_Exercise directions:_ The task requires restating, word for word, the lines of the entries below from the one containing "this 450×320 image." through the final one, both included.

_Records supplied:_
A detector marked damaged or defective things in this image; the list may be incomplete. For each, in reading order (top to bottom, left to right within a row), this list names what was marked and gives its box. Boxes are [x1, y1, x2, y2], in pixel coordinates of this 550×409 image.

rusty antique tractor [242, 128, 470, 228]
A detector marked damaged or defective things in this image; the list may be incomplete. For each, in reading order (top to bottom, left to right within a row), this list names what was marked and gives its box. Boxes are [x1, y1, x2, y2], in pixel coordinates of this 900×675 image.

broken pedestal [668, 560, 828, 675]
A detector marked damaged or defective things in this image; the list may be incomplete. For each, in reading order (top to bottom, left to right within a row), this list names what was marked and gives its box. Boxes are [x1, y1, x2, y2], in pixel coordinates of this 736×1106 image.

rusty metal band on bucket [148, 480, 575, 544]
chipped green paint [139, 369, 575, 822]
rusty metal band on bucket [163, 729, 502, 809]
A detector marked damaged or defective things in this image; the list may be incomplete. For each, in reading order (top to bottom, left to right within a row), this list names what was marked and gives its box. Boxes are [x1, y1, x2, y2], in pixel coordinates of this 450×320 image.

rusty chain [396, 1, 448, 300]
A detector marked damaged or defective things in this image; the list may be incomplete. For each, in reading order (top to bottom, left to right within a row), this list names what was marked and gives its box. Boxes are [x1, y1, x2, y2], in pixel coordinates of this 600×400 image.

_Exercise result:_
A detector marked damaged or defective things in this image; the list may be incomplete. For each, in reading order (top to bottom, left to right within a row), this list names what was marked and gives its box. Boxes are [x1, y1, x2, y2], in pixel coordinates of this 450×320 image.

rusty chain [396, 1, 448, 300]
A detector marked damaged or defective things in this image; the list may be incomplete. For each, in reading order (top to bottom, left to right within a row), this list names what was marked and gives its box. Boxes are [x1, y1, x2, y2], in pixel coordinates of this 600×400 image.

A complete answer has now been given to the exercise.